Krasner Announces Big Shakeup in Homicide Unit of DA’s Office
The move by the DA, who has been knocked by political opponents for lacking administrative experience, represents real revolution — and maybe some risk.
Philadelphia District Attorney Larry Krasner released two memos to his staff on Tuesday afternoon detailing a number of significant policy changes that are sure to generate applause from some quarters and pushback from others.
Krasner’s marquee change is enlarging the scope of the office’s Homicide Unit to incorporate nonfatal shootings. He also announced the combination of several units, including the insurance and government fraud groups, into an office to prosecute economic crimes.
While the new memos are perhaps not so immediately attention-grabbing as the one he released shortly after taking office, which drastically curtailed prostitution and marijuana prosecutions — “Do not charge possession of marijuana regardless of weight,” the memo read — they do present Krasner, who has been knocked by political opponents for lacking administrative experience, as interested in doing significant bureaucratic business, and represent real revolution — and maybe some risk.
Traditionally, working homicide cases has been “the show” for police and assistant DAs alike — the highest possible duty in a cop’s or trial prosecutor’s career. But Krasner, in a phone interview, suggests any culture disruption generated by the move should be outweighed by the benefits of the new arrangement.

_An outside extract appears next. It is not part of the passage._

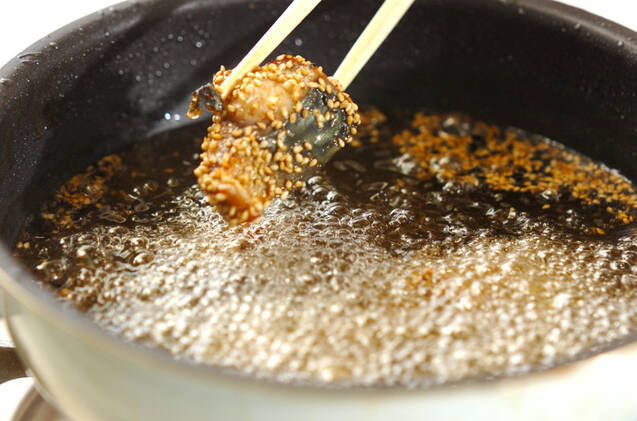 サバのゴマ揚げの作り方の手順7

For starters, in terms of the evidence involved, a nonfatal shooting and a homicide are much the same: The ability to ferret out or infer motive and present ballistics evidence is key in both kinds of case, for instance. Krasner says he prefers this organizational structure in terms of mentoring and investigations. “It’s a pretty great way to bring along trial attorneys,” he says. “This will present natural opportunities for mentorship and for less experienced attorneys, handling nonfatal shootings, to serve as second chair [co-counsel] assisting in homicides.”
Krasner also sees the new structure as an aid to preventing burnout. “Traditionally, if you are a homicide prosecutor, you are either prepping for or mounting a trial that involves looking at pictures that are frankly horrible, of murdered people, and I do believe it takes a toll,” he says. “There will be some opportunity this way for homicide prosecutors to recharge their batteries a little bit in cases that don’t involve deaths.”
Attorney Jonathan Mandel, a criminal defense attorney and former prosecutor in Los Angeles, says he loves the idea. There are often too many chiefs, he says, in a DA’s office. “You’re talking about taking the most violent crimes and putting them in one unit and prioritizing them,” Mandel says, “and that makes sense to me administratively and as a statement about priorities.”
This new approach is something one of Philadelphia’s most experienced homicide prosecutors rejects, however. “As serious as a shooting is,” says Carlos Vega, who spent more than 30 years prosecuting homicides, “the level of preparation and stress is totally different.”
Vega was one of the 31 staffers Krasner dismissed shortly after taking office, and he says he “feels bad for the victims” after this move. “There aren’t many experienced prosecutors left in that unit, so this will be the blind leading the blind,” Vega says.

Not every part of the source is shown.